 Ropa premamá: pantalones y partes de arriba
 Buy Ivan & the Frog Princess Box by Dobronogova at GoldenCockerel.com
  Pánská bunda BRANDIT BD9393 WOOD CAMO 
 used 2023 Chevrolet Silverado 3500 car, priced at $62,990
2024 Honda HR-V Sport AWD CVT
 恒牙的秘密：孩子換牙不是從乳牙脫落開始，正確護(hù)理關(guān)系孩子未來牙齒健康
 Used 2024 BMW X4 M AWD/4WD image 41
* * *
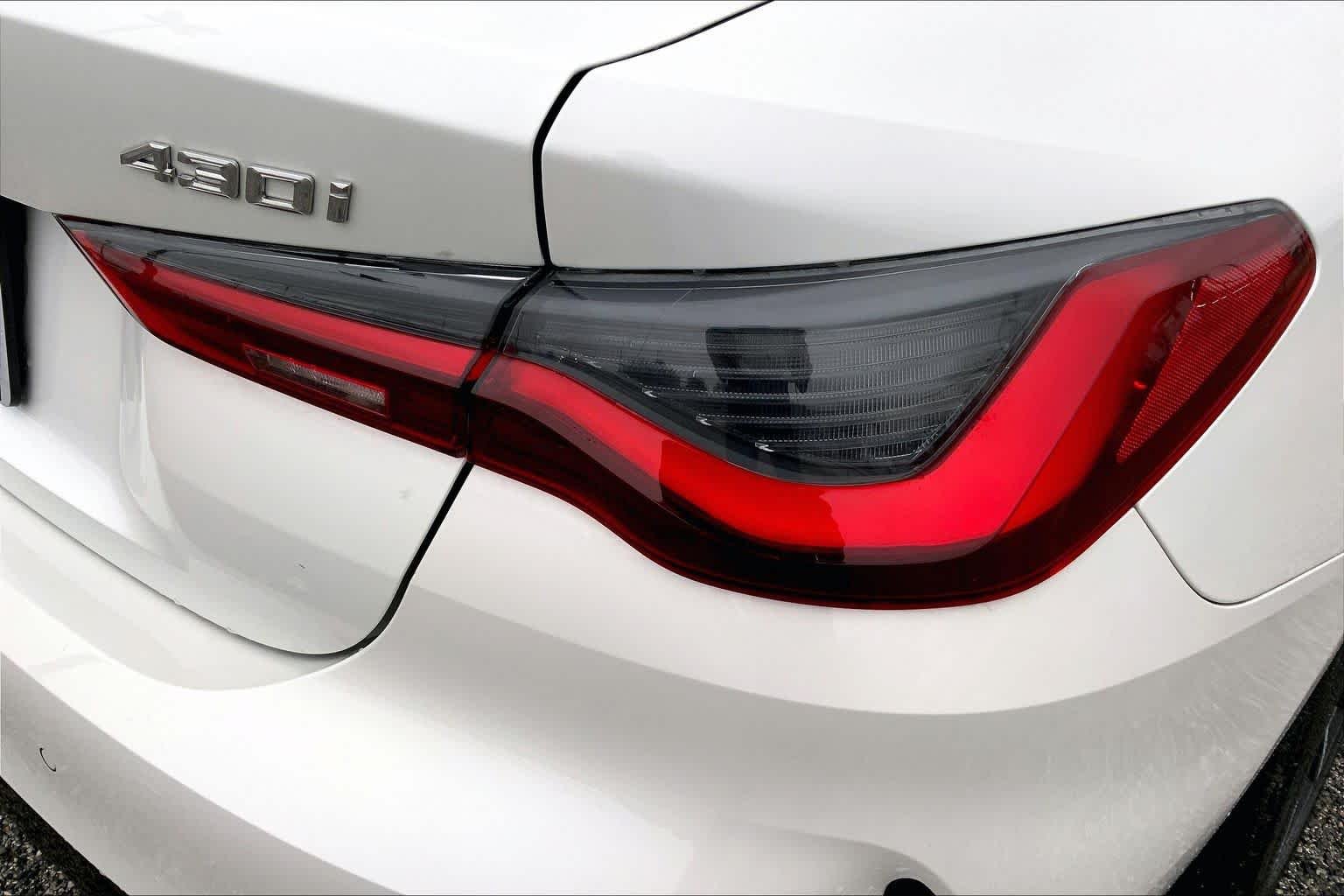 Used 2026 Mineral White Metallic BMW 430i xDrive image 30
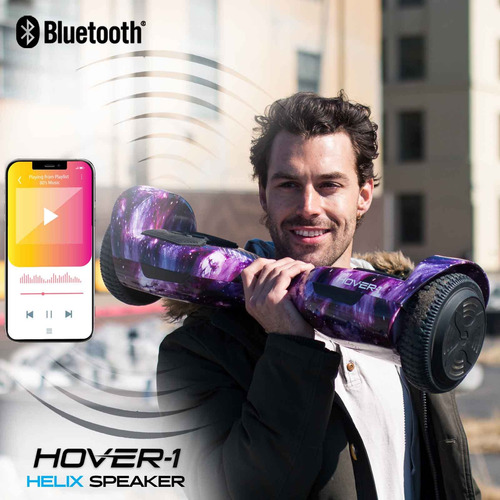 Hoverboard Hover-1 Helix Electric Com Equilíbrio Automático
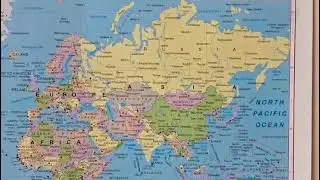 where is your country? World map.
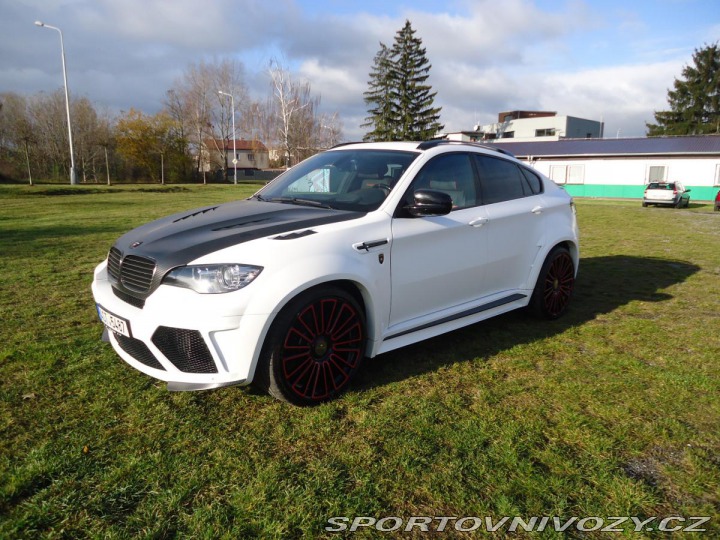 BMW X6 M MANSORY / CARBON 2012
* * *
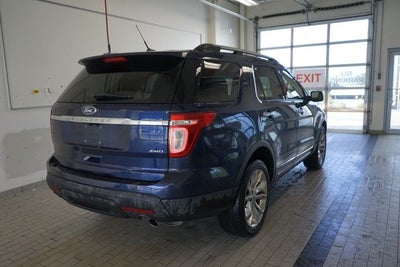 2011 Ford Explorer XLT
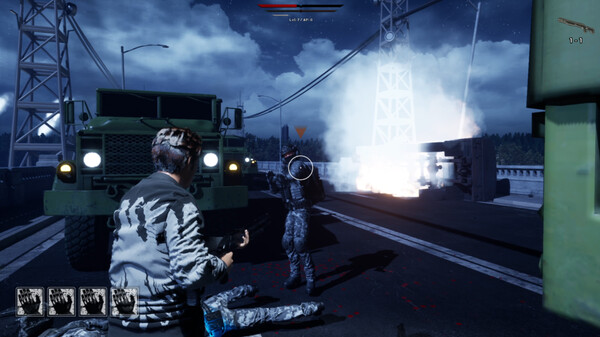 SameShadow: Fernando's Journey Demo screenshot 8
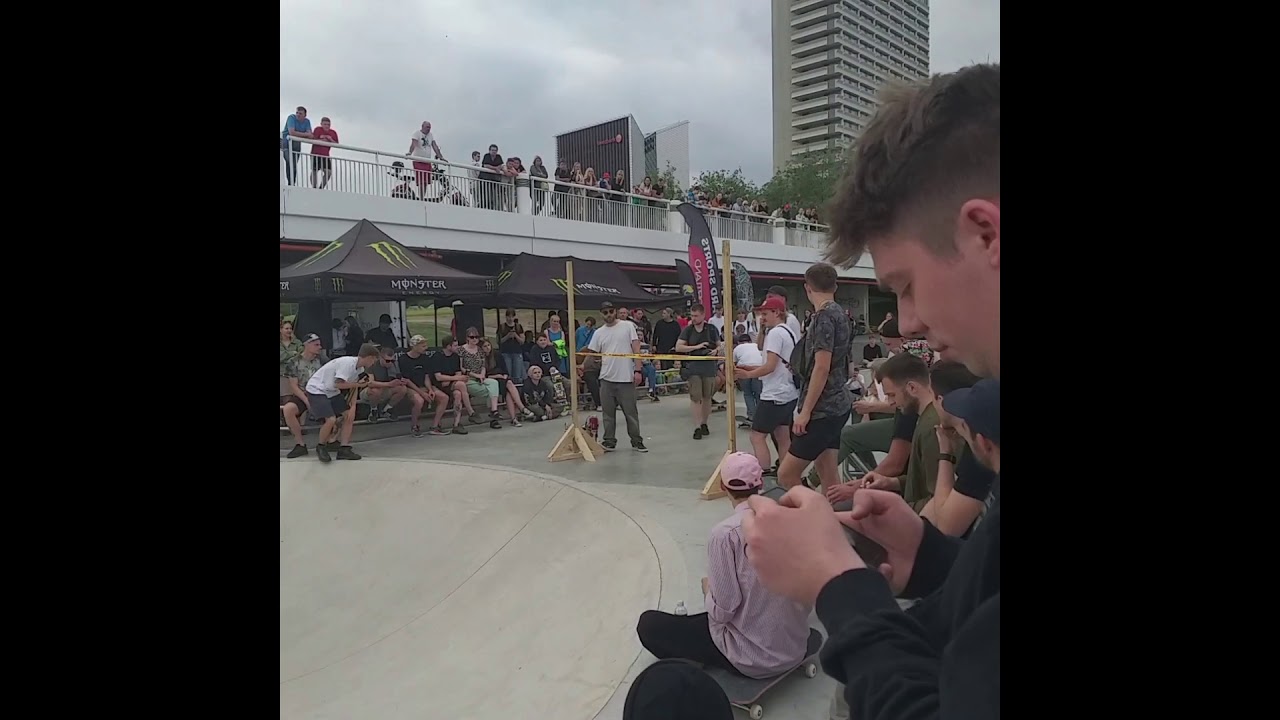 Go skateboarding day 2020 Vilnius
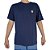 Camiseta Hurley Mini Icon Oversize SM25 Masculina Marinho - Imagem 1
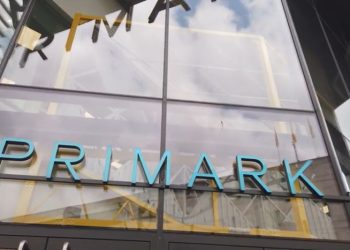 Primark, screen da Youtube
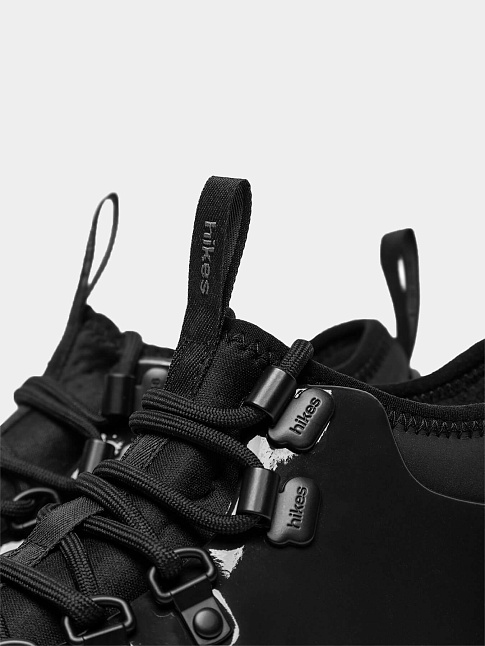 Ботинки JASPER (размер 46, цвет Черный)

The task ▸ Your answer should be the lines above, from the line containing "Ropa premamá: pantalones y partes de arriba" up to and including the line containing "Used 2024 BMW X4 M AWD/4WD image 41", reproduced exactly and with nothing else.

Expected answer ▸
 Ropa premamá: pantalones y partes de arriba
 Buy Ivan & the Frog Princess Box by Dobronogova at GoldenCockerel.com
  Pánská bunda BRANDIT BD9393 WOOD CAMO 
 used 2023 Chevrolet Silverado 3500 car, priced at $62,990
2024 Honda HR-V Sport AWD CVT
 恒牙的秘密：孩子換牙不是從乳牙脫落開始，正確護(hù)理關(guān)系孩子未來牙齒健康
 Used 2024 BMW X4 M AWD/4WD image 41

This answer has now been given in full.